* _EXERCISE REQUIREMENTS_
Set down the lines that begin at the top of the records and end with the line containing "Sit on a clean", and drop every picture.

(Saved entries)
=== Begin Enclosure ===

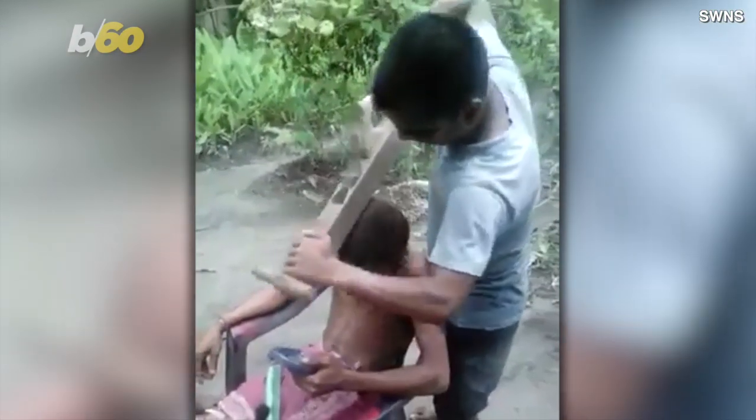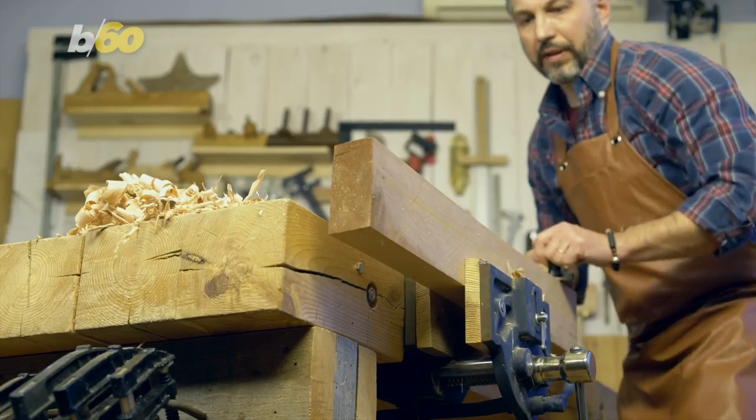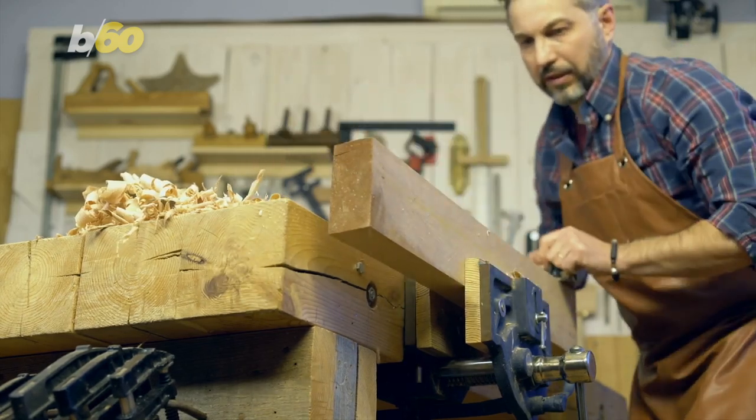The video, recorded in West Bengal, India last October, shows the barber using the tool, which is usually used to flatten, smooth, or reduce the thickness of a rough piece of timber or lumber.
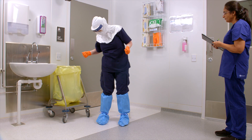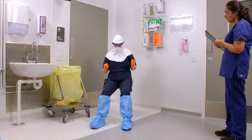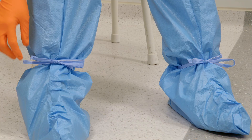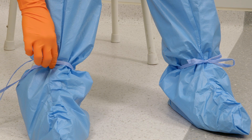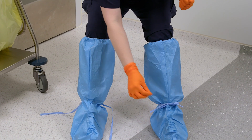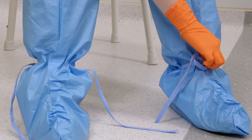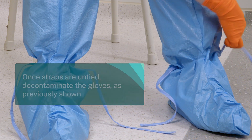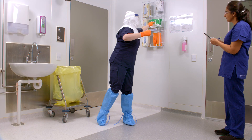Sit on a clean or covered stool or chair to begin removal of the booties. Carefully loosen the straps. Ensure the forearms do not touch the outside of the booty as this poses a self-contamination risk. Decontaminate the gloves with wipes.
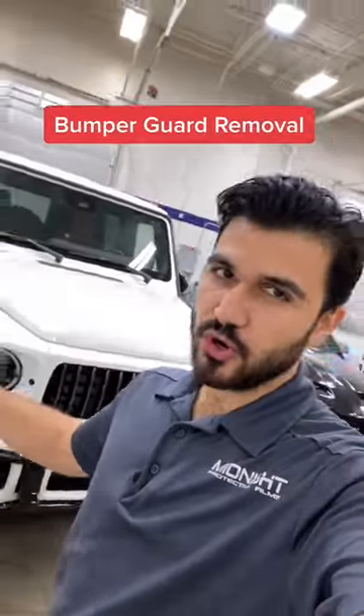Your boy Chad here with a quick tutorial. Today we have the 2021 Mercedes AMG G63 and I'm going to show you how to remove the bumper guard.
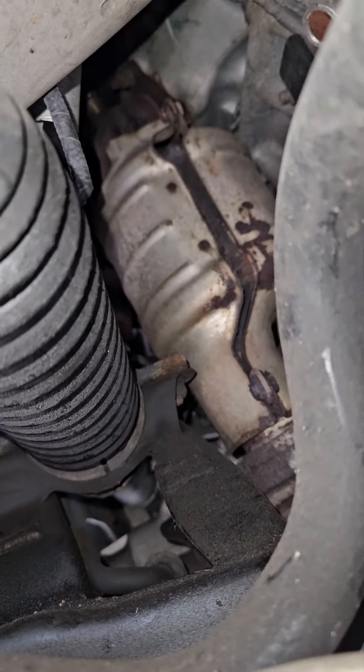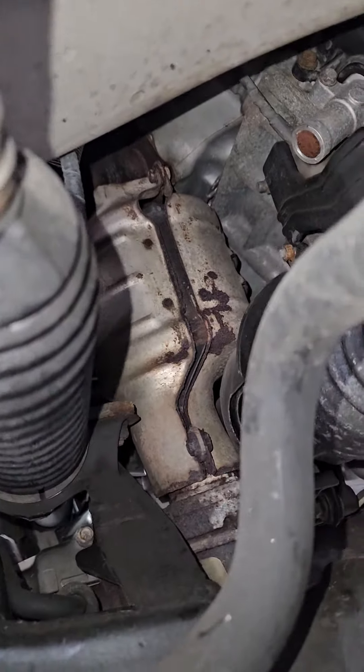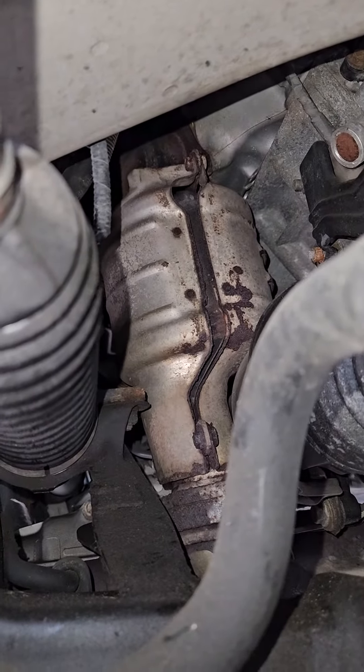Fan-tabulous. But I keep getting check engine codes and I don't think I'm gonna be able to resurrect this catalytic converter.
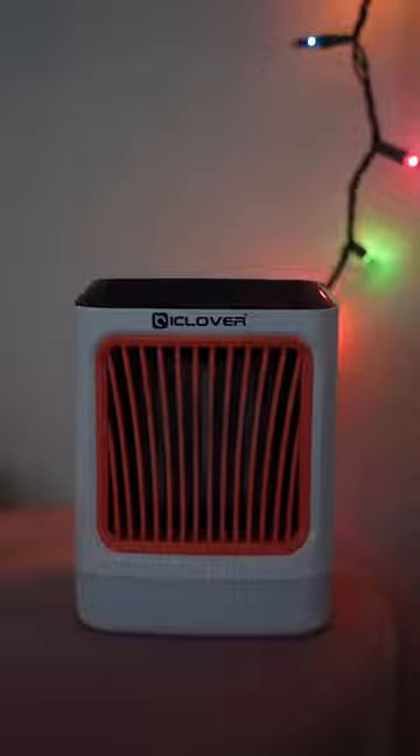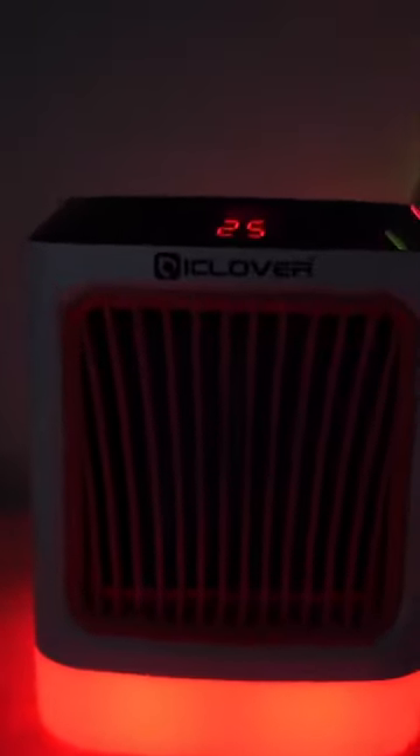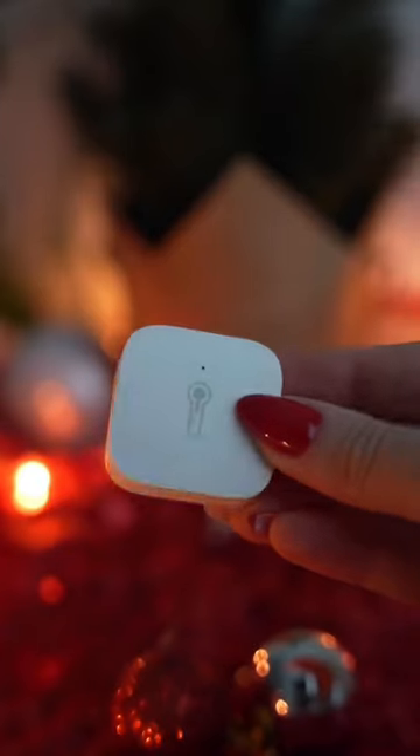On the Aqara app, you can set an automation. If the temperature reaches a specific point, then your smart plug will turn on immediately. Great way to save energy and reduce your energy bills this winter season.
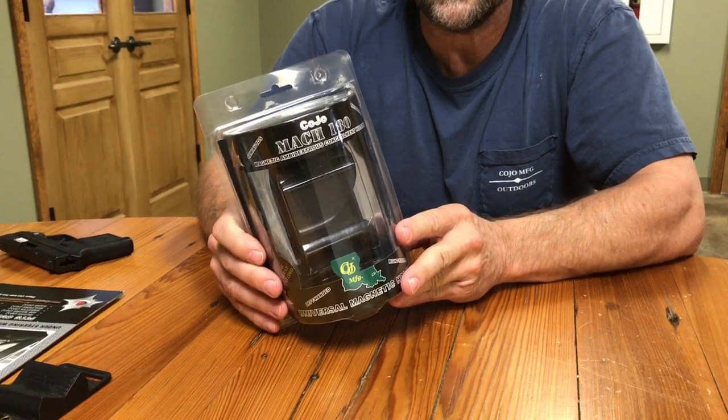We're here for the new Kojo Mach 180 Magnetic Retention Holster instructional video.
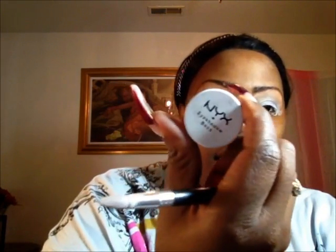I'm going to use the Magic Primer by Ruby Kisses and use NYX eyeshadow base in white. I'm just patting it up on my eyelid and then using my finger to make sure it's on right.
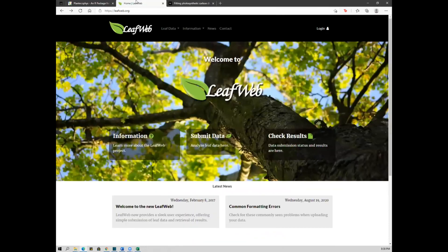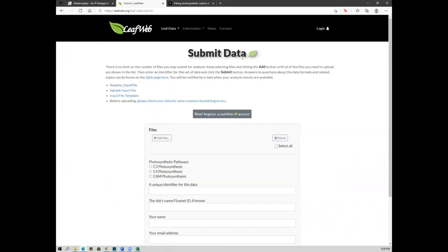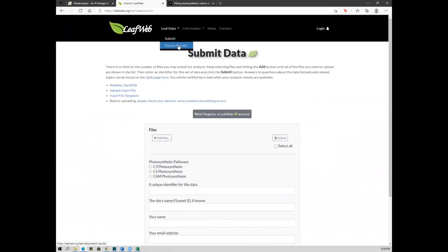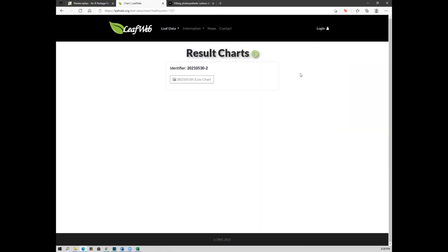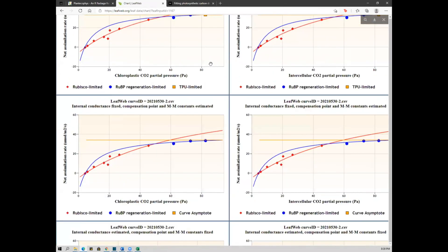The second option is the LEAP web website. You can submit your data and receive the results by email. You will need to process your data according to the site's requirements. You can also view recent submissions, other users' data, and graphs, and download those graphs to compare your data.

=== End Enclosure ===

* _OUTPUT FOR THIS TASK_
The video, recorded in West Bengal, India last October, shows the barber using the tool, which is usually used to flatten, smooth, or reduce the thickness of a rough piece of timber or lumber.
Sit on a clean or covered stool or chair to begin removal of the booties. Carefully loosen the straps. Ensure the forearms do not touch the outside of the booty as this poses a self-contamination risk. Decontaminate the gloves with wipes.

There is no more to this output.